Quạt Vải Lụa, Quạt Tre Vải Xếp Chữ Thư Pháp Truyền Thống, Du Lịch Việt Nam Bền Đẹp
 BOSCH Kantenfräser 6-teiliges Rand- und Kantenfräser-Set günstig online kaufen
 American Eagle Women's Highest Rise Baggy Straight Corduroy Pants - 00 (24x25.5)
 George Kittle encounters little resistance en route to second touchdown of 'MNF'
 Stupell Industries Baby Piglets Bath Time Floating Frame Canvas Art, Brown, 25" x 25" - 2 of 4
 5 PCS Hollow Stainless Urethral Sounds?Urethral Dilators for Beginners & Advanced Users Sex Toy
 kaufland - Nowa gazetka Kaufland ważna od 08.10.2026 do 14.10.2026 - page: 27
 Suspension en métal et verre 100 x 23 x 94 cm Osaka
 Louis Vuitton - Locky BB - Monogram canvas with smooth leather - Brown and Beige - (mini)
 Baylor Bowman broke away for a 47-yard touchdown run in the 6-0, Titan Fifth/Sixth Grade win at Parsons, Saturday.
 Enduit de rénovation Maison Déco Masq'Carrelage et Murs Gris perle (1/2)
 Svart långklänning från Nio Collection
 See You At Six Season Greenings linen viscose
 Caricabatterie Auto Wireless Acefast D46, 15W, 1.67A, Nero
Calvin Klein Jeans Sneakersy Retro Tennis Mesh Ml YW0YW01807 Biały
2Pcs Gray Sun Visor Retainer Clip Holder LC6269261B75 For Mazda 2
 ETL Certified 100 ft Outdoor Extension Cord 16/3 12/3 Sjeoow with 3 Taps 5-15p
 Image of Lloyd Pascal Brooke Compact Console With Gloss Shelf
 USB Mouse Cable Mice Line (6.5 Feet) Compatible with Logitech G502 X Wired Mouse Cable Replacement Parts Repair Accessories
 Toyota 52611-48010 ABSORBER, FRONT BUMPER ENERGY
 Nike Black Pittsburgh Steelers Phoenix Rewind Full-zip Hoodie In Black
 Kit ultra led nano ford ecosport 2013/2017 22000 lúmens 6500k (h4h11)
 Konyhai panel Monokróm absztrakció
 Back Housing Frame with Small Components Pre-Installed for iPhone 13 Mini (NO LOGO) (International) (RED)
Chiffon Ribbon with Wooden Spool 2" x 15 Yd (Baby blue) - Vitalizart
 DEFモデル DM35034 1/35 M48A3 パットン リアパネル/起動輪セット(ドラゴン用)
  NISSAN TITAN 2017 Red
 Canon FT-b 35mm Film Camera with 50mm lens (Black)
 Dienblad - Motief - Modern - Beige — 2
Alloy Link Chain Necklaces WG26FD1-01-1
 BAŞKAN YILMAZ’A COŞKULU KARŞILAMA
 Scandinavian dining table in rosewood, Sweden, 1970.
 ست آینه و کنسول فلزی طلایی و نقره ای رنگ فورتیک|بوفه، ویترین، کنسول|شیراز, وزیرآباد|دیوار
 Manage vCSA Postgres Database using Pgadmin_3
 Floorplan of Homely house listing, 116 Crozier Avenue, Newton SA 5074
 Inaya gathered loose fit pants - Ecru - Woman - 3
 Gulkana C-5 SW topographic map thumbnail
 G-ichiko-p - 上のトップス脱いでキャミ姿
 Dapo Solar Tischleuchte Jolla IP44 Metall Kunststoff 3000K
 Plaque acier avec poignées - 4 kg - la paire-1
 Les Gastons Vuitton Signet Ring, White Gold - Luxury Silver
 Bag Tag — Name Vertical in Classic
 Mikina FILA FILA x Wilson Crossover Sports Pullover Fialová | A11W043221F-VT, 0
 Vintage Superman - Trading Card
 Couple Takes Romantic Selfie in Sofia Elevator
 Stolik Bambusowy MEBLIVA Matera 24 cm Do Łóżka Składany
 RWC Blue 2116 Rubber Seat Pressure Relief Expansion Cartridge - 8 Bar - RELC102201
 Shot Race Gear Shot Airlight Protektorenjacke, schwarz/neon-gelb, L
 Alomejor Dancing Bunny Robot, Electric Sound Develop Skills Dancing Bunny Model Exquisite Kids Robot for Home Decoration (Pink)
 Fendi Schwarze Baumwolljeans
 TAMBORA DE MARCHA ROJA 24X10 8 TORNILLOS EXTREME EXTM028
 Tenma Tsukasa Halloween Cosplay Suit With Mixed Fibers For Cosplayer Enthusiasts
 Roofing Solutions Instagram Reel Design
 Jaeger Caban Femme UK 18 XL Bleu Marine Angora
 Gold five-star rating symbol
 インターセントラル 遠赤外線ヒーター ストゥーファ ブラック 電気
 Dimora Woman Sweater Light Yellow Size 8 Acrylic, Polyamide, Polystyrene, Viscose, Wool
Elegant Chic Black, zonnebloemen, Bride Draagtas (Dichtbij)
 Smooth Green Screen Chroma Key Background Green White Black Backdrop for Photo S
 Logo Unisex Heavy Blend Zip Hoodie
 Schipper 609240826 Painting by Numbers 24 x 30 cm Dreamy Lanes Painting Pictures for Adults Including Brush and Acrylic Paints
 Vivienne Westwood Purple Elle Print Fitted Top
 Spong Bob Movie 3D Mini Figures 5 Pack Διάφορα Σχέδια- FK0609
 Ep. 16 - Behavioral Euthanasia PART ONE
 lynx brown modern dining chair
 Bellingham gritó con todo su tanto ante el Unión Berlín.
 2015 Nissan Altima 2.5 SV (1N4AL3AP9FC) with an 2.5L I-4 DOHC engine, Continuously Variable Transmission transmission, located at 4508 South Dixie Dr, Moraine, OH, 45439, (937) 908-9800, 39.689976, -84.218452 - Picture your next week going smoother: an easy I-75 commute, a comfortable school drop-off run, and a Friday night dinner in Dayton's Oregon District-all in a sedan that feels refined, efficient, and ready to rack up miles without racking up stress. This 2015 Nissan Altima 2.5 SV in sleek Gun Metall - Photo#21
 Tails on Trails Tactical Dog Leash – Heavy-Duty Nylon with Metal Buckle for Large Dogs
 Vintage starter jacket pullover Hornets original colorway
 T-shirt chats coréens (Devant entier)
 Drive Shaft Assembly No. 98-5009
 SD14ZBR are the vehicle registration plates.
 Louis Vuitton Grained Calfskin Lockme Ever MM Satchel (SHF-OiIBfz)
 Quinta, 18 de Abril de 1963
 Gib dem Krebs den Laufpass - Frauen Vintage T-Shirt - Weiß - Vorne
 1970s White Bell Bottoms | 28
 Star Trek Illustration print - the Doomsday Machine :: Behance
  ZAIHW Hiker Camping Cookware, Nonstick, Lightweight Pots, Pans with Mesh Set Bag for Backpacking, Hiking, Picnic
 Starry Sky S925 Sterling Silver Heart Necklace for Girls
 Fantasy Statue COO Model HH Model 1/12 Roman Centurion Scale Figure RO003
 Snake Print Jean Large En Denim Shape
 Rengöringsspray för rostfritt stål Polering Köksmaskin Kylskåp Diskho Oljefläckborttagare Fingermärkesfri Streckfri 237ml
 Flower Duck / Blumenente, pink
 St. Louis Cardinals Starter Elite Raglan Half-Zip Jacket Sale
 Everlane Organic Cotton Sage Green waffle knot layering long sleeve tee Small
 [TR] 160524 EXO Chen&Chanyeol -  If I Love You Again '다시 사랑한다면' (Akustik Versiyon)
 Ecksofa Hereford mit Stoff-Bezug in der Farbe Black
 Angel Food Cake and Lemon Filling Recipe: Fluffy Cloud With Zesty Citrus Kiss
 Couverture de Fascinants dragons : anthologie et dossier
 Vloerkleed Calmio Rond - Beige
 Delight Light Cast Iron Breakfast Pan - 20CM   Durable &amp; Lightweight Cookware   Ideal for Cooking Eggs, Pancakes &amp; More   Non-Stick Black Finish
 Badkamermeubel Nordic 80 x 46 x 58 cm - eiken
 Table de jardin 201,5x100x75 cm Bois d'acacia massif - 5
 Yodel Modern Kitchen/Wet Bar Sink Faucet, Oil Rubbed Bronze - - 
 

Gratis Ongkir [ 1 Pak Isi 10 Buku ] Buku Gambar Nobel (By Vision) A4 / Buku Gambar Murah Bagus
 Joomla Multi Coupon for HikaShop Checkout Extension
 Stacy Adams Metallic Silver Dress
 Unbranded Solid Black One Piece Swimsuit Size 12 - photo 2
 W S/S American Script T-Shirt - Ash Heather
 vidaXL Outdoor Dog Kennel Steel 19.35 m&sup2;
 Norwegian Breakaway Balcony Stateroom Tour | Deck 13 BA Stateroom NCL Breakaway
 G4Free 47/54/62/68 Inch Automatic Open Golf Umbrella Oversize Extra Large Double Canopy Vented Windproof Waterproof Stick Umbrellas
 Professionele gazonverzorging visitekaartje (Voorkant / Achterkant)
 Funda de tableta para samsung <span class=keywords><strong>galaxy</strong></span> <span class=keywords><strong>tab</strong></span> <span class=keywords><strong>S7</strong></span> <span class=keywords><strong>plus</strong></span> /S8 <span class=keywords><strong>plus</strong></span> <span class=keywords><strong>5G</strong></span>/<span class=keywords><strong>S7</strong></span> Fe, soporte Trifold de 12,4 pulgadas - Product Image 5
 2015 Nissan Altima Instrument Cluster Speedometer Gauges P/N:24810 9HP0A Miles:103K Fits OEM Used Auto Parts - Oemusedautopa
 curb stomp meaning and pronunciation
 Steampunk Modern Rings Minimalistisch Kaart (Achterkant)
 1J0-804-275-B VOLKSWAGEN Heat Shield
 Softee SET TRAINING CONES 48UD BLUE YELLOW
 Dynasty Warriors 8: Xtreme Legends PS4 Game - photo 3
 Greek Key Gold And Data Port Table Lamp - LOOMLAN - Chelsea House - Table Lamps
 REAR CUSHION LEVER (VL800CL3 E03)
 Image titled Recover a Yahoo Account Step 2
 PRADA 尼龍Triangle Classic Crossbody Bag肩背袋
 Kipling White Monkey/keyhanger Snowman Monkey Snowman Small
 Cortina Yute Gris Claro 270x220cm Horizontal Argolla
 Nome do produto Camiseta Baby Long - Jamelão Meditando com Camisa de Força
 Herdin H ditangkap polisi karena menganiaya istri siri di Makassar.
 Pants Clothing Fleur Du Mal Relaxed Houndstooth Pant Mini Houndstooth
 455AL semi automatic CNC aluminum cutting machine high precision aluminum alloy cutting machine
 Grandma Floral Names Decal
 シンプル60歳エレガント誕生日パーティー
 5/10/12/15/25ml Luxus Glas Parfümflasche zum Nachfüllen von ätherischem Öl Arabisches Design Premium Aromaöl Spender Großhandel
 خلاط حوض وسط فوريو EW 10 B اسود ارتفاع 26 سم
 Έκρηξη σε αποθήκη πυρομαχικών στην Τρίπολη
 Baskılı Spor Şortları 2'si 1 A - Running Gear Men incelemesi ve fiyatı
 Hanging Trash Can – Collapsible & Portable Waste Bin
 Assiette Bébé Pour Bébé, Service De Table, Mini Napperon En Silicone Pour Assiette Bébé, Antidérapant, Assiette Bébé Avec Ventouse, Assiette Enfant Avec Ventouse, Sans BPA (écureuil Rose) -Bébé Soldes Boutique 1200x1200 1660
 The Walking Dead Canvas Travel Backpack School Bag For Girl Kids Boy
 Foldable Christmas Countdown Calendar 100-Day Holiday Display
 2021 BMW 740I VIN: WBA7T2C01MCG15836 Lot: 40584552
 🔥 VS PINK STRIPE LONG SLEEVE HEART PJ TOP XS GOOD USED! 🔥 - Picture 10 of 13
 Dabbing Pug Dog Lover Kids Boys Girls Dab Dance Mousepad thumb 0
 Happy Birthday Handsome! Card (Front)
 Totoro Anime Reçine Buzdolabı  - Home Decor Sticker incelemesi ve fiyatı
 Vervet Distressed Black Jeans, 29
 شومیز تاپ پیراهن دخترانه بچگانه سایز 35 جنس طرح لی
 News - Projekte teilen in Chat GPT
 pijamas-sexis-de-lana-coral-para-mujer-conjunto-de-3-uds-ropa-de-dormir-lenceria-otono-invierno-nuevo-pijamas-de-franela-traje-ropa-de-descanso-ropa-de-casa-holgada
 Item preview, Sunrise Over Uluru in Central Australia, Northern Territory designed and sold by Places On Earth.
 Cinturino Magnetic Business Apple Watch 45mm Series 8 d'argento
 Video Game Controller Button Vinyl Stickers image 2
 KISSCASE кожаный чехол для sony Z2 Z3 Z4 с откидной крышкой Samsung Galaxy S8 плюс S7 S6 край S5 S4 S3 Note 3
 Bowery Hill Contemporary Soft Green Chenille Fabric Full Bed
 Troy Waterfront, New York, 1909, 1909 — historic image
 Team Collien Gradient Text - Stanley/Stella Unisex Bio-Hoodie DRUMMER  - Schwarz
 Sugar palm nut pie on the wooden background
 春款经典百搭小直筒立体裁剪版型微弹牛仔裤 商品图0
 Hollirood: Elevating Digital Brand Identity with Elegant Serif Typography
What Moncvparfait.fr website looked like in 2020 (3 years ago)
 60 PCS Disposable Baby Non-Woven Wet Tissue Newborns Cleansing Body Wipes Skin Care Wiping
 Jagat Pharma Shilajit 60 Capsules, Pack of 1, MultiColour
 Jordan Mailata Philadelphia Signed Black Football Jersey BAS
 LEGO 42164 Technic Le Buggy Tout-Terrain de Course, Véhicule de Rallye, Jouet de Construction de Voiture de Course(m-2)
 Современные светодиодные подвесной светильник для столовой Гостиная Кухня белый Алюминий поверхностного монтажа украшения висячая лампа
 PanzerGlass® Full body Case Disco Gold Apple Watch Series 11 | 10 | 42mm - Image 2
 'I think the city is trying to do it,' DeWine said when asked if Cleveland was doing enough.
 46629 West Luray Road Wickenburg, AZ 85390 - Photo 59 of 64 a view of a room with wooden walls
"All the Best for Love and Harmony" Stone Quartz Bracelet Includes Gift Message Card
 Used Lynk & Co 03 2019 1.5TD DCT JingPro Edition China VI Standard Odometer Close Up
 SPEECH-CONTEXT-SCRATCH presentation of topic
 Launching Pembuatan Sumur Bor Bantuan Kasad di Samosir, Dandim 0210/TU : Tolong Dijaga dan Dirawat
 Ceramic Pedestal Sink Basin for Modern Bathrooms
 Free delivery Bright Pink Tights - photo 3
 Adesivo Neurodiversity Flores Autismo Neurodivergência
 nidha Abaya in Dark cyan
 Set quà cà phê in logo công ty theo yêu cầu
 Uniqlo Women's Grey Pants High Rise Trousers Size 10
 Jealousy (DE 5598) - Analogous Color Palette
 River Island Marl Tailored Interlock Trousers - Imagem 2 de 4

* * *

Instructions to follow: For every line in the data above that holds "Gris", return the line itself.

Solution for this exercise:
 Enduit de rénovation Maison Déco Masq'Carrelage et Murs Gris perle (1/2)
 Cortina Yute Gris Claro 270x220cm Horizontal Argolla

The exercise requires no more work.